Task to complete:
Your task is to transcribe exactly, and only, the lines running from the one with "Smart Home TP-Link Tapo D210" to the end of the listing below, inclusive, with every picture left out.

Records:
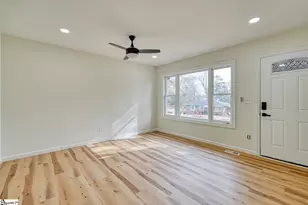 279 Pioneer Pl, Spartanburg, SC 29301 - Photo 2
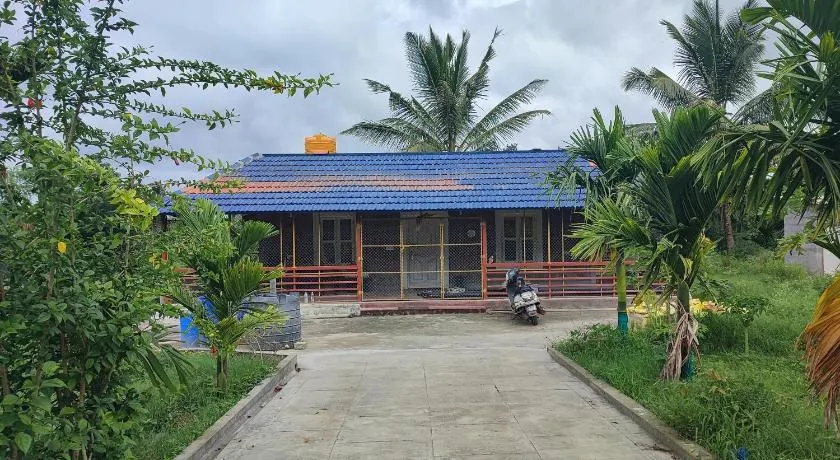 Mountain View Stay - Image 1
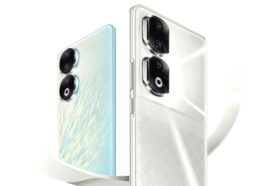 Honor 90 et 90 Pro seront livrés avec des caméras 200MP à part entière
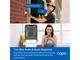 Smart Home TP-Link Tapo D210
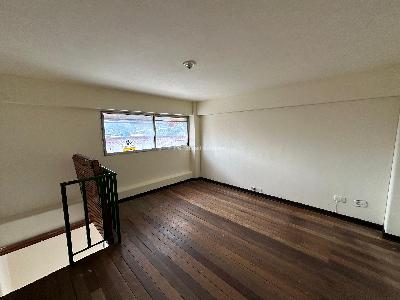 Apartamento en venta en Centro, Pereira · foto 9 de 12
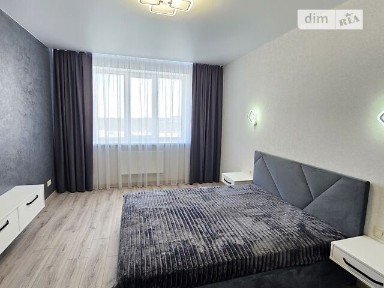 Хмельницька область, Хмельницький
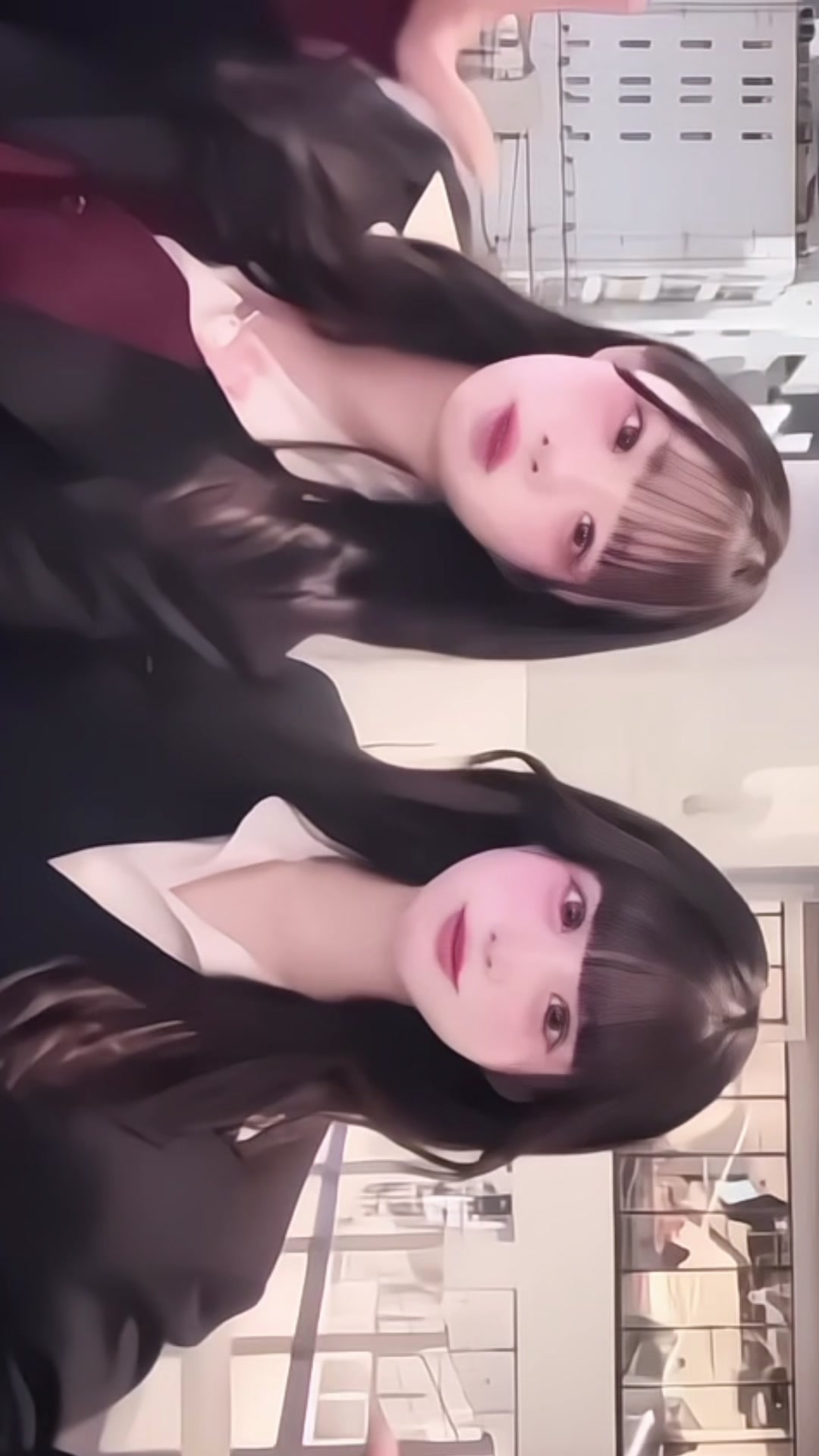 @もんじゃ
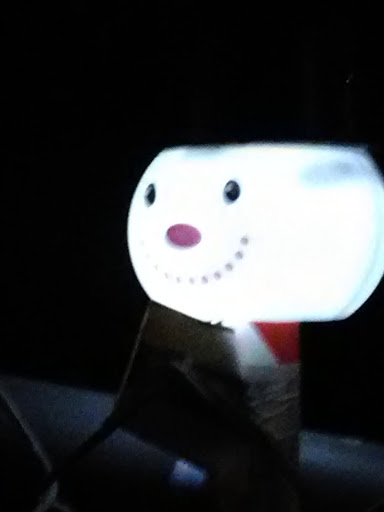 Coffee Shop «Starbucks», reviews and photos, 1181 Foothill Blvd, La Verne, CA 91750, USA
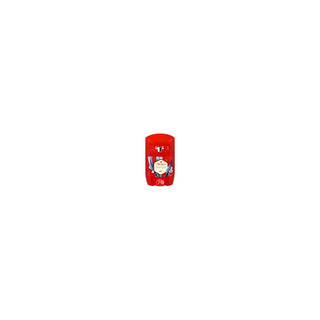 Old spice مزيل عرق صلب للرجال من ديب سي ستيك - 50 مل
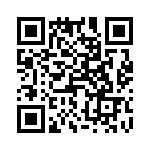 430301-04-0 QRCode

Your response:
 Smart Home TP-Link Tapo D210
 Apartamento en venta en Centro, Pereira · foto 9 de 12
 Хмельницька область, Хмельницький
 @もんじゃ
 Coffee Shop «Starbucks», reviews and photos, 1181 Foothill Blvd, La Verne, CA 91750, USA
 Old spice مزيل عرق صلب للرجال من ديب سي ستيك - 50 مل
 430301-04-0 QRCode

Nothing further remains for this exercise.